■ **Task item**
Transcribe the entries exactly. Omit the pictures.

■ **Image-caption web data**

*** Begin section ***

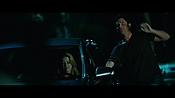 thestepfather02410.jpg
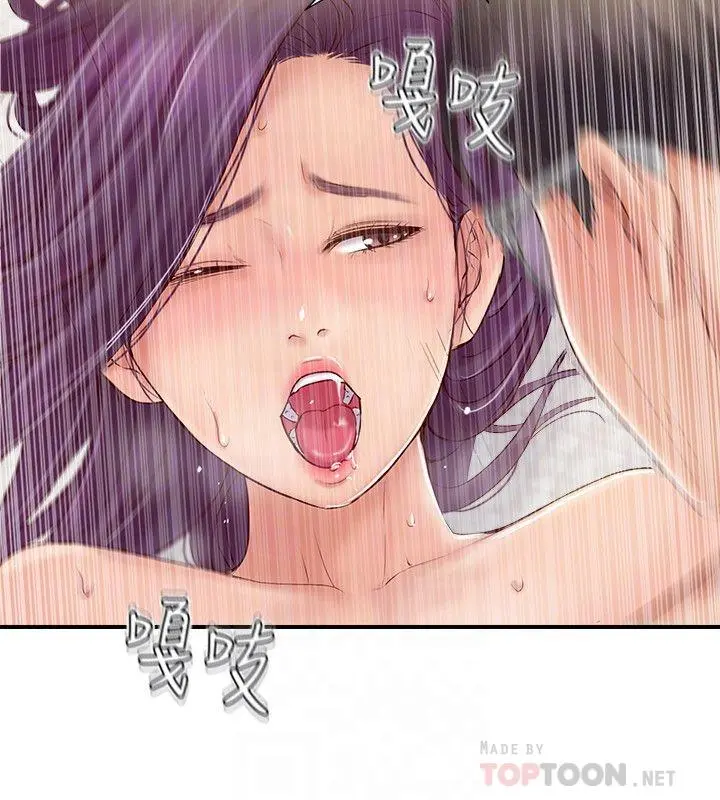 完美新伴侣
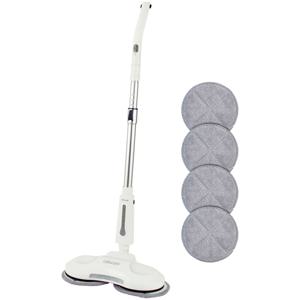 [내일도착]청소기/무선/물걸레 SDC-WC2004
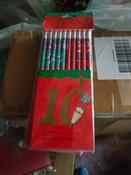 Christmas Pencils image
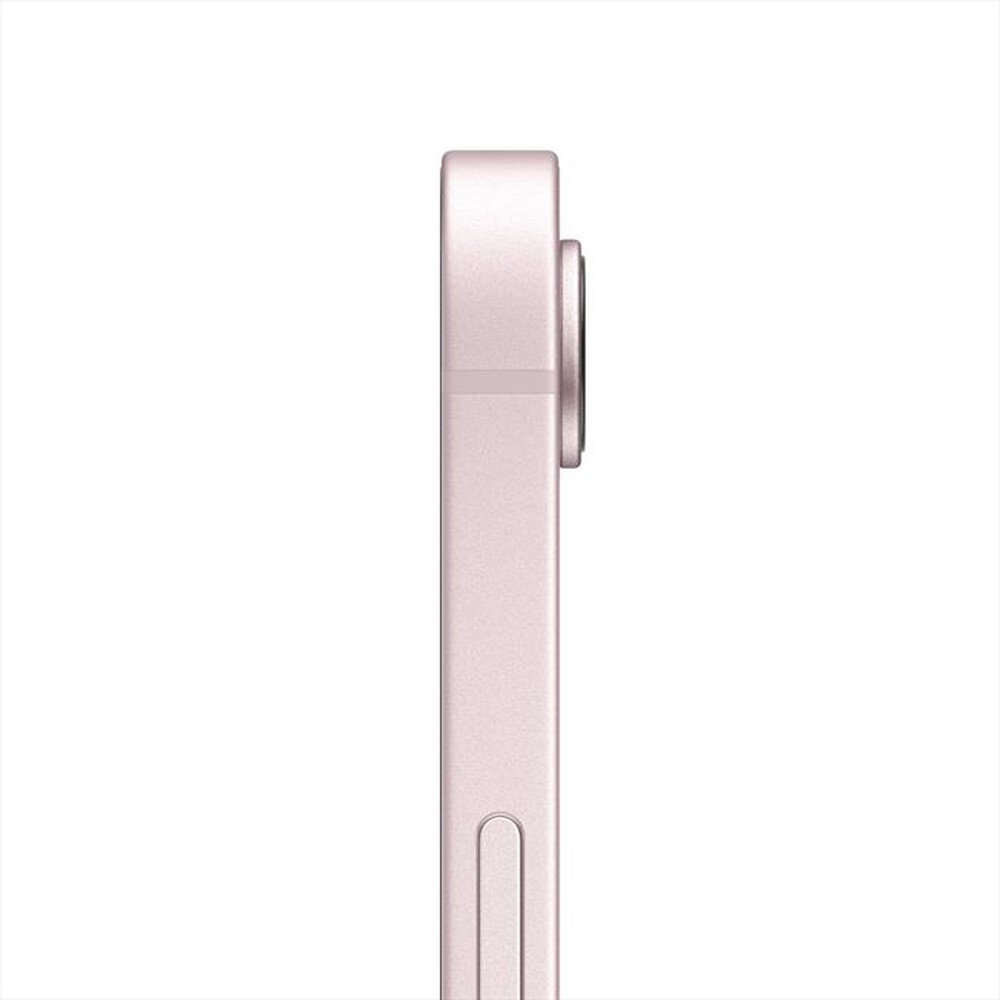 Immagine del prodotto APPLE - iPhone 17e 256GB-Rosa Chiaro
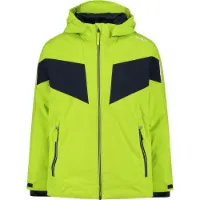 CMP 33w0034 Jacke CMP 33w0034 Jacke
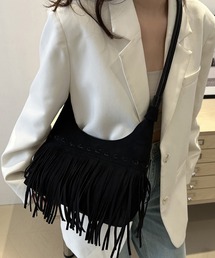 STYLEBLOCK(X^CubN)̃XG[htWHV_[obO(V_[obO)
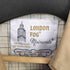 ロンドンフォグ LONDON FOG トレンチコート レディース 14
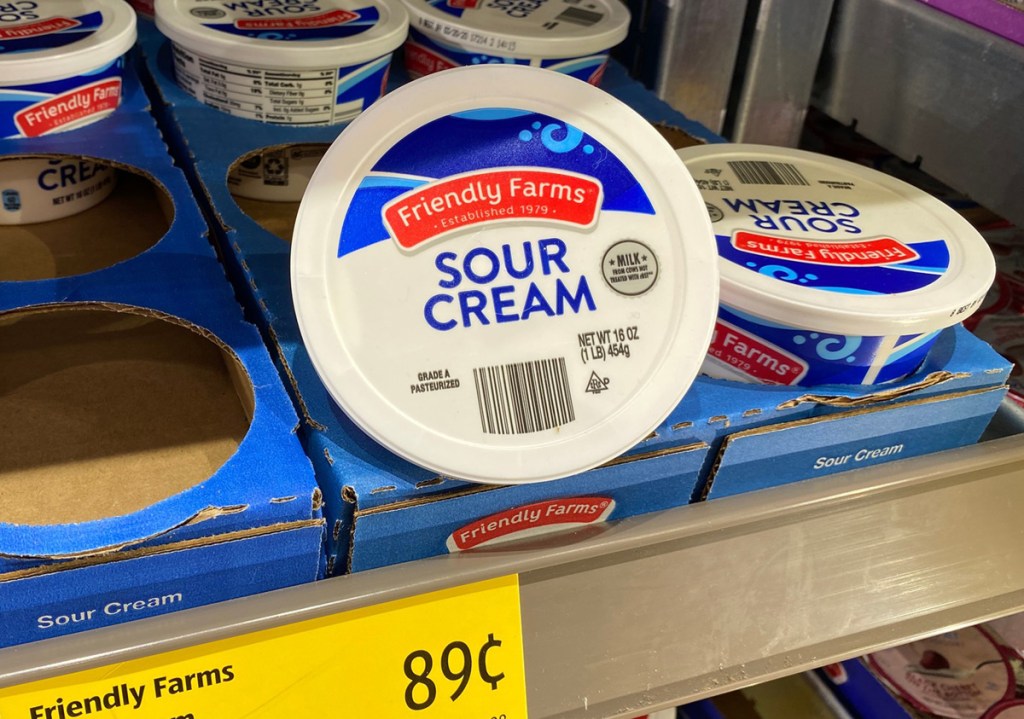 81 of the Best Keto Finds at ALDI - Official Hip2Keto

*** End section ***

■ **Answer for this exercise**
 thestepfather02410.jpg
 完美新伴侣
 [내일도착]청소기/무선/물걸레 SDC-WC2004
 Christmas Pencils image
 Immagine del prodotto APPLE - iPhone 17e 256GB-Rosa Chiaro
 CMP 33w0034 Jacke CMP 33w0034 Jacke
 STYLEBLOCK(X^CubN)̃XG[htWHV_[obO(V_[obO)
 ロンドンフォグ LONDON FOG トレンチコート レディース 14
 81 of the Best Keto Finds at ALDI - Official Hip2Keto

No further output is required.